See, that right there was part of this whole thing. Kyle mentioning Bryan hobbling was said so matter-of-factly because Bryan had encouraged that. He never shied away from talk of the accident or his resultant injuries and his permanent disabilities. He talked about them candidly and with humor and encouraged others to do the same. Everyone was very respectful, and no one felt uncomfortable around him. She admired that too.

How could she walk out on him now? She would look like a heartless bitch.

Even if she didn’t care what others thought of her, she was not a heartless bitch.

She sighed. “Fine.”

Bryan came up beside Kyle a moment later. “Does he need to carry you into my office?” he asked with a frown.

Bryan frowning was about as unusual as Tess standing up on a barstool and making a public announcement about her personal life.

“No,” she said shortly.

“Then let’s go.” He turned and started for his office door.

Tess had no choice but to follow. And because she was behind him, and a red-blooded, heterosexual female who had loved him most of her life, she couldn’t help but notice how wide his shoulders were and how hard his arms were and how not being able to run and bike like usual didn’t seem to have taken one iota of tightness from his ass.

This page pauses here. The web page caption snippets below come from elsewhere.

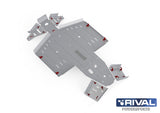 RIVAL Complete skid plate kit - Aluminium Polaris General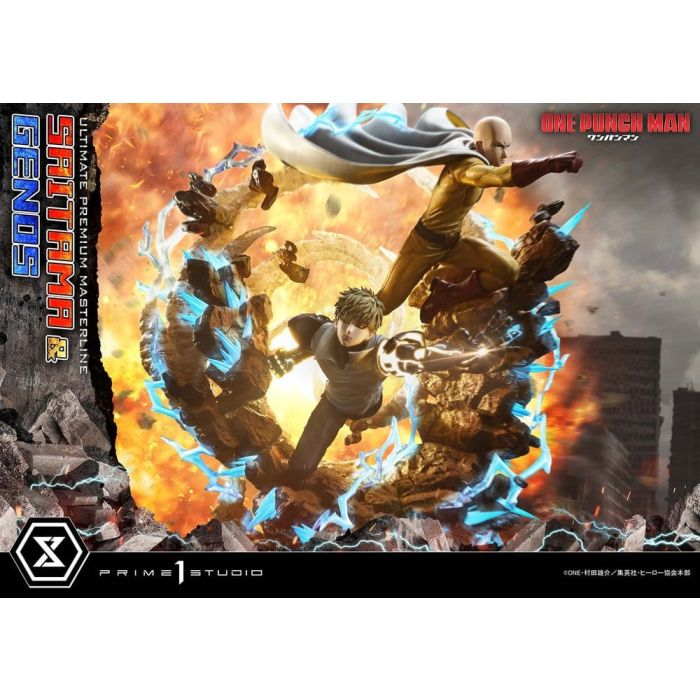 One-Punch Man Ultimate Premium Masterline Series Statue 1/4 Saitama & Genos 73 cm 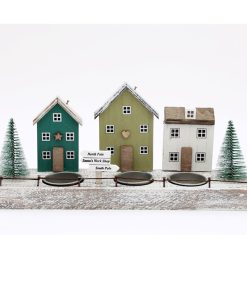 30cm Christmas House Triple Tealight Holder - Image 1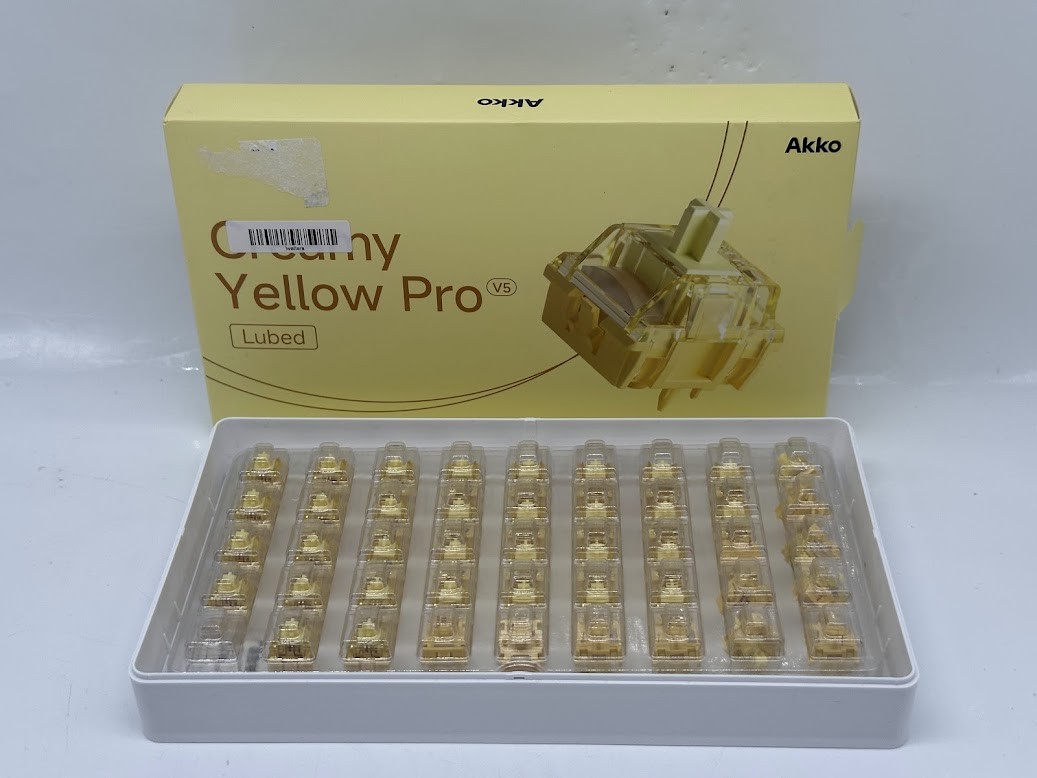 Akko V5 Creamy Yellow Pro Switches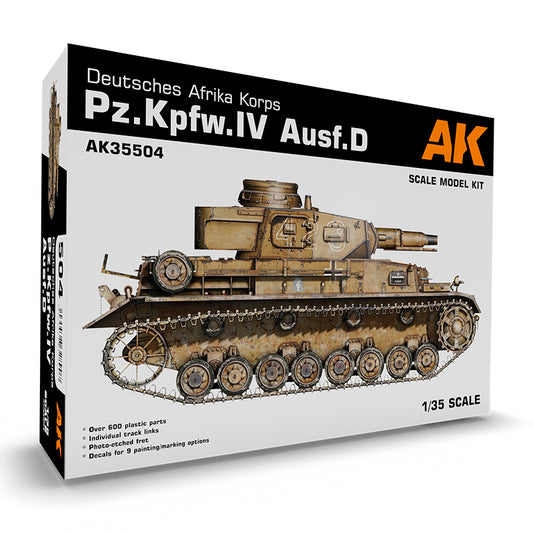 Ak Interactive - Scale Models  - Pz.Kpfw.Iv Ausf.D Deutsche Afrkia Korps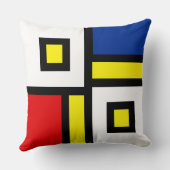 モンドリアンに着想を得た抽象芸術 クッション (裏面)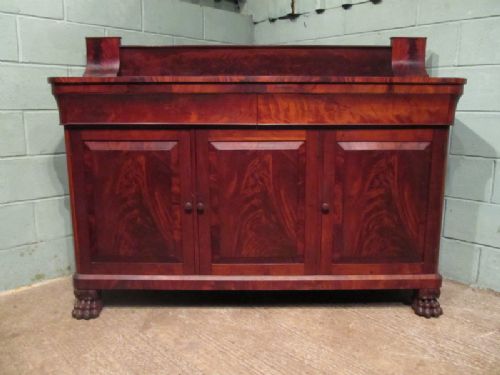 fig 1. ANTIQUE WILLIAM 1V LARGE MAHOGANY CHIFFONIER SIDEBOARD C1830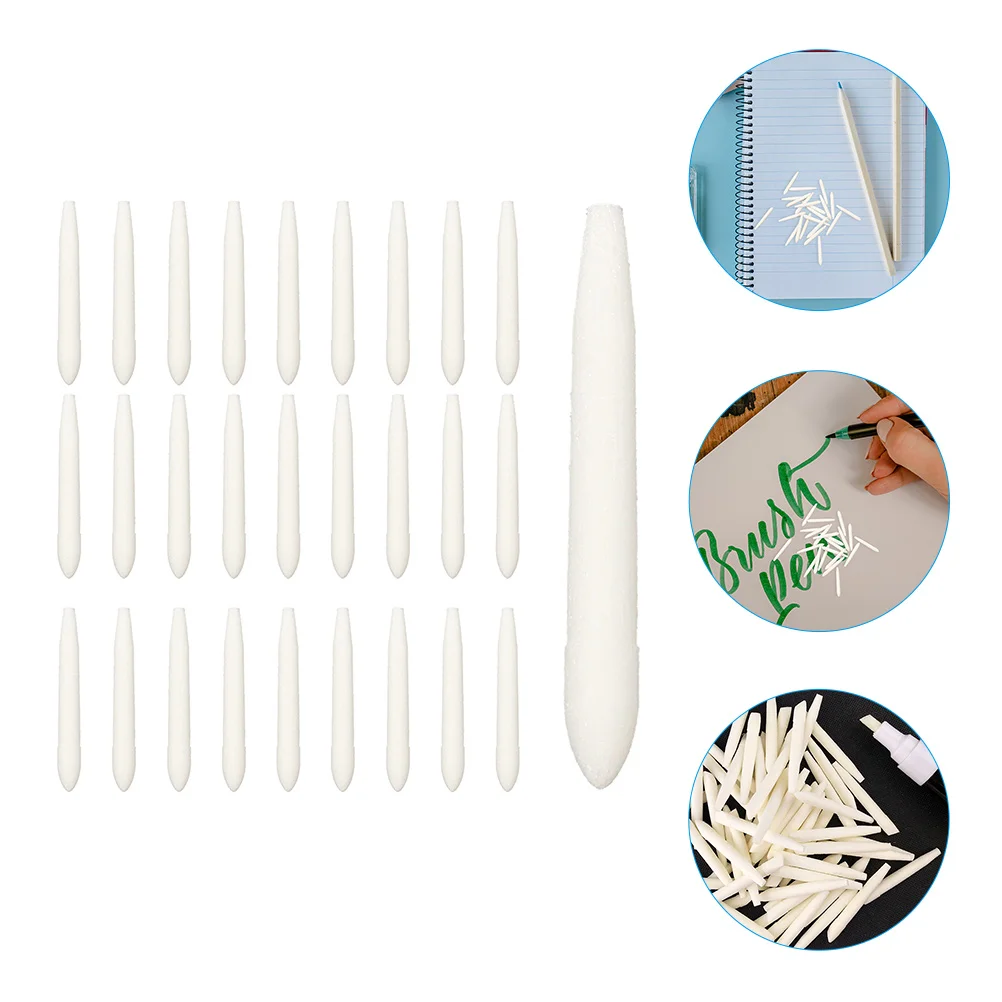 30 Pcs Paint Pen Refill Oil Painting Points Replace White Refillable Tips Students Marker Nibs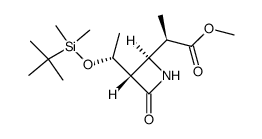 methyl (2R)-2-[(2S,3S)-3-{(1R)-1-(t-butyldimethylsilyloxy)ethyl}-4-oxoazetidin-2-yl]propionate结构式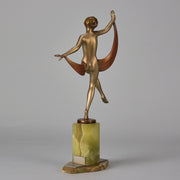 Josef Lorenzl Scarf Dancer - Art Deco Bronze - Hickmet Fine Arts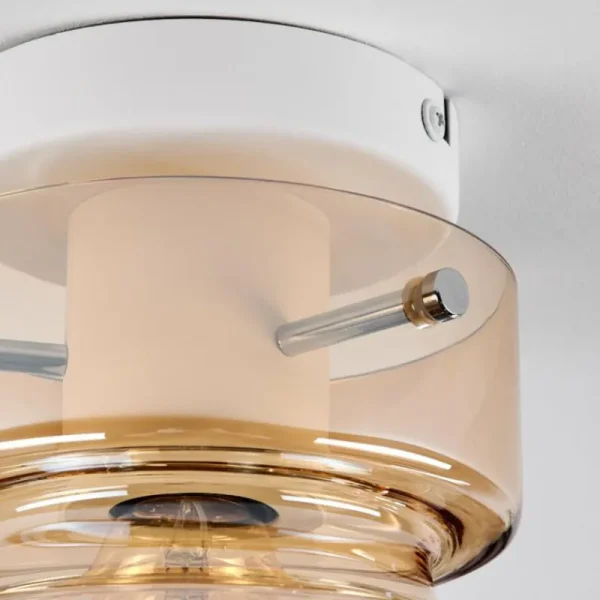 hofstein Hasvik Plafonnier, Spot de plafond Blanc, 1 lumière* Lampes En Verre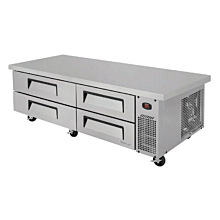 Turbo Air TCBE-72SDR-E-N Super Deluxe Series 78" Extended Top Four Drawer Chef Base Refrigerator - 13 Cu. Ft.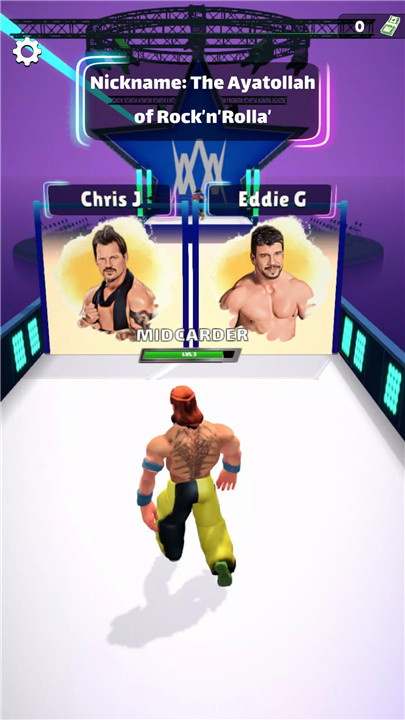 Wrestling Trivia Run screenshot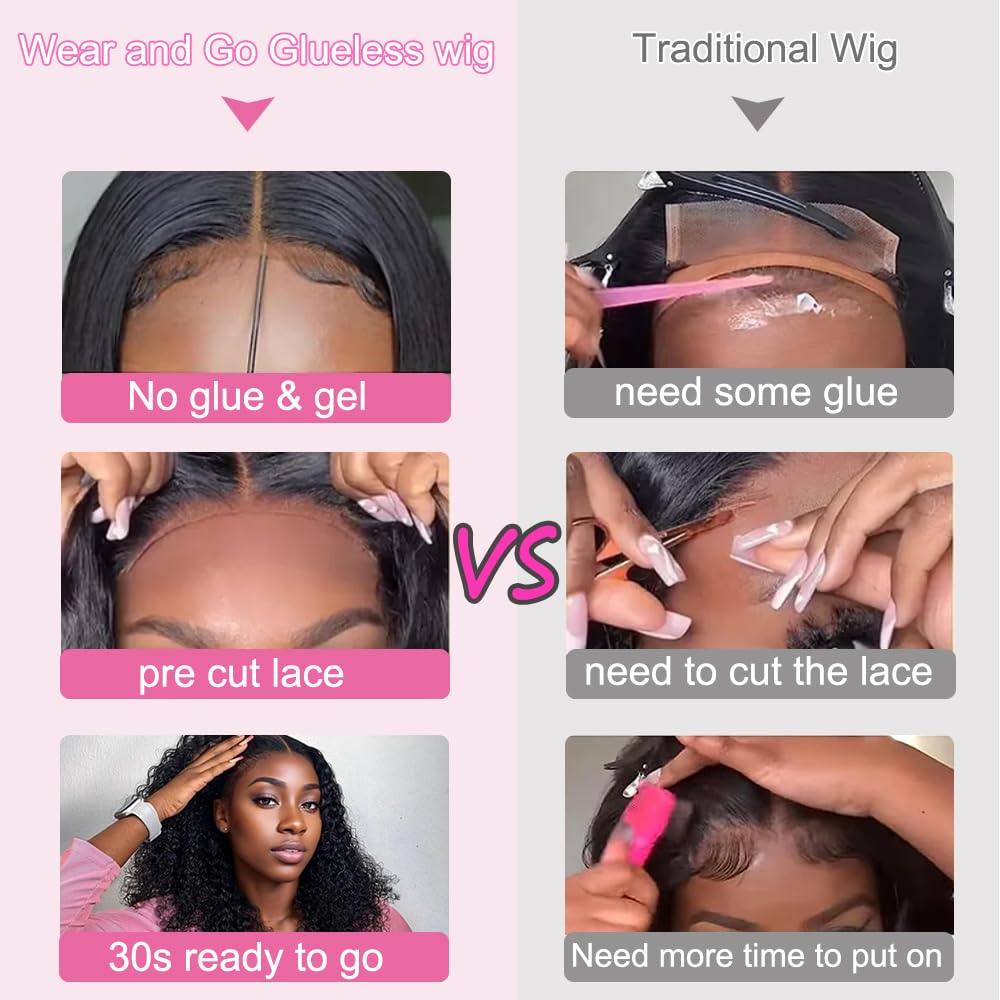 Ablvari Curly Bob Wig pre-plucked knots close-up reveals natural parting for realism.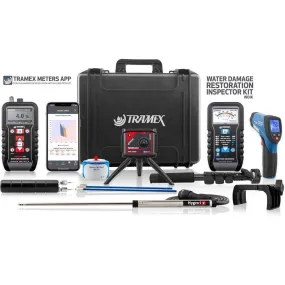 Tramex Water Damage Restoration Inspector Kit (WDIK)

It was a partial spinal cord injury, so that meant he still had some muscle activity in his lower body. From what she could see, it was an impressive amount. She knew he was doing a lot of swimming and working with what weights he could to improve and maintain his strength. He used the crutches, but he took fairly normal steps and moved quickly and with surprising grace. Using the crutches and wheelchair were no doubt a great workout for his upper body, but his butt and legs in the fitted, faded blue denim were certainly worth appreciating as well.

At the door, he stopped and turned the knob, then pushed it open and stood to the side, waiting for her to pass in front of him.

She did reluctantly.

She did not want to be alone with him. Even if there were fifty people on the other side of the door, being closed in his tiny six-by-six-foot office was a bad idea.

Because thirteen-year-old Tessa was never that far below the surface, and that Tess still loved Bryan Murray deeply.